Nos souvenirs ne sont pas de simples fragments du passé : ils tissent le fil de notre existence, donnant sens et continuité à nos vies. Chaque souvenir, qu’il soit joyeux, triste ou neutre, façonne qui nous sommes et la manière dont nous percevons le monde, surtout à l’aune de la montée du populisme, du repli identitaire et des discours haineux.

Le 7 septembre 2024, j’ai quitté Paris pour quelques jours au Maroc, une pause avant de replonger dans le capitalisme néolibéral. Ce système, cynique à bien des égards, reste mon cadre malgré moi, car il me faut préserver ma dignité. Vivre n’est pas facile, me diront certaines consciences. Je le sais. Je l’ai appris à mes dépens depuis mon premier cri. Dans le vol TO3078 vers Tanger, j’ai lu Robert Castel. Ses réflexions sur le salariat rappellent que chaque système économique touche des vies fragiles. Deux heures d’ennui évitées grâce à un grand livre. Peut-être est-ce là, la véritable force des livres, surtout des grands livres : suspendre le temps, éclairer le regard, ouvrir des fenêtres sur l’humain.
J’arrive en début de soirée à l’aéroport Ibn Battouta, au Nord du Maroc. C’est ma deuxième expérience humaine dans ce pays, que je considère comme ma troisième Patrie. Pour rejoindre mon Airbnb, situé à quelques minutes de la gare, j’ai pris un taxi à 150 dirhams, soit environ 14 euros. N’est-ce pas, Christine Lagarde ?

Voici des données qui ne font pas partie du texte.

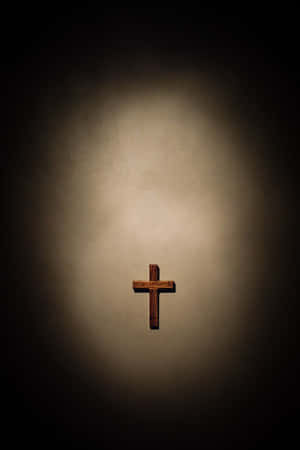 Brown Wooden Christian Beautiful Cross With Vignette Effect Wallpaper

Mon ami Sam, frère de cœur, m’avait conseillé de prendre le bus. Mais le taxi, plus cher, m’a offert le luxe de contempler Tanger dans le calme et la lenteur. Il suffit d’activer le Gps et de se laisser guider. La technologie nous simplifie la vie lorsqu’elle est utilisée à bon escient. A ce propos, l’Intelligence artificielle a envahi nos vies, avec tout ce qu’elle apporte de bien et de mauvais. L’humanité entre dans une nouvelle ère, où l’homme et la machine se croisent à chaque instant. Quelques mots sur Sam. Nous avons fait nos humanités ensemble, de la Licence au Master, à l’Université Jean Moulin Lyon 3. Qui était Jean Moulin ? En un mot : le président du Conseil national de la résistance, celui qui avait refusé d’accuser des Tirailleurs sénégalais d’un massacre perpétré par les nazis. A Lyon 3, là où nos premières conversations ont eu lieu, nous avons bâti une belle amitié, forgée dans le temps. Depuis lors, nous ne nous sommes jamais quittés. Sam est originaire de Meknès, ville historique fondée par les Almoravides. En une phrase : Sam est un chic type, d’une générosité renversante.

La beauté à la fois dévastatrice et raffinée de Tanger se révèle dès les abords de l’aéroport. Tout est soigneusement entretenu. Une lumière exquise, ponctuée d’une grâce singulière, enveloppe la ville. Les infrastructures de transport, de haute qualité, stimulent la croissance et l’attractivité de la région. On sent ici une vision stratégique claire et réfléchie. Les réformes économiques de la Feuille de route 2030 portent déjà leurs fruits, même si la pauvreté touche encore une partie de la population tangéroise.

Dans le taxi, je contemple la ville à travers son allure blanche et élégante. Les rues, habitées par des gens simples, murmurent leur propre poésie, entre éclats de voix, parfums d’épices et ombres mouvantes. Tanger a son rythme. Chaque ville a le sien : une cadence, une respiration, un récit. Ville cosmopolite, ouverte aux étreintes de l’autre et au brassage des cultures. Dans un langage plus familier, Tanger est une terre d’accueil pour tous les tisseurs d’avenir et semeurs de liens, celles et ceux qui n’érigent jamais de bastilles.

Je peux affirmer que je me sens tangérois, in fine, marocain. J’y ai vécu, pour la première fois de ma vie, une expérience à la fois singulière et terrifiante. Le 8 septembre 2023, j’étais au Maroc lors du séisme qui a frappé Marrakech et le haut Atlas. Ce soir-là, inoubliable au regard de l’épreuve existentielle, j’ai partagé un moment avec ce Peuple courageux, résilient et chaleureux. Ma vie a défilé devant mes yeux. Mais mon amour et mon attachement au premier pays de Tahar Ben Jelloun, de Leïla Slimani et Abdelhadi Belkhayat demeurent intemporels.

Je reviendrai flâner dans ses souks, boire son thé, visiter ses musées, contempler la beauté de ses paysages, manger son tajine et communier avec ses habitants. Dans ce pays de lumière et de couleurs, j’ai appris que beauté et fragilité marchent toujours main dans la main. Le Maroc est inscrit dans mon cœur, et Tanger, dans mon âme.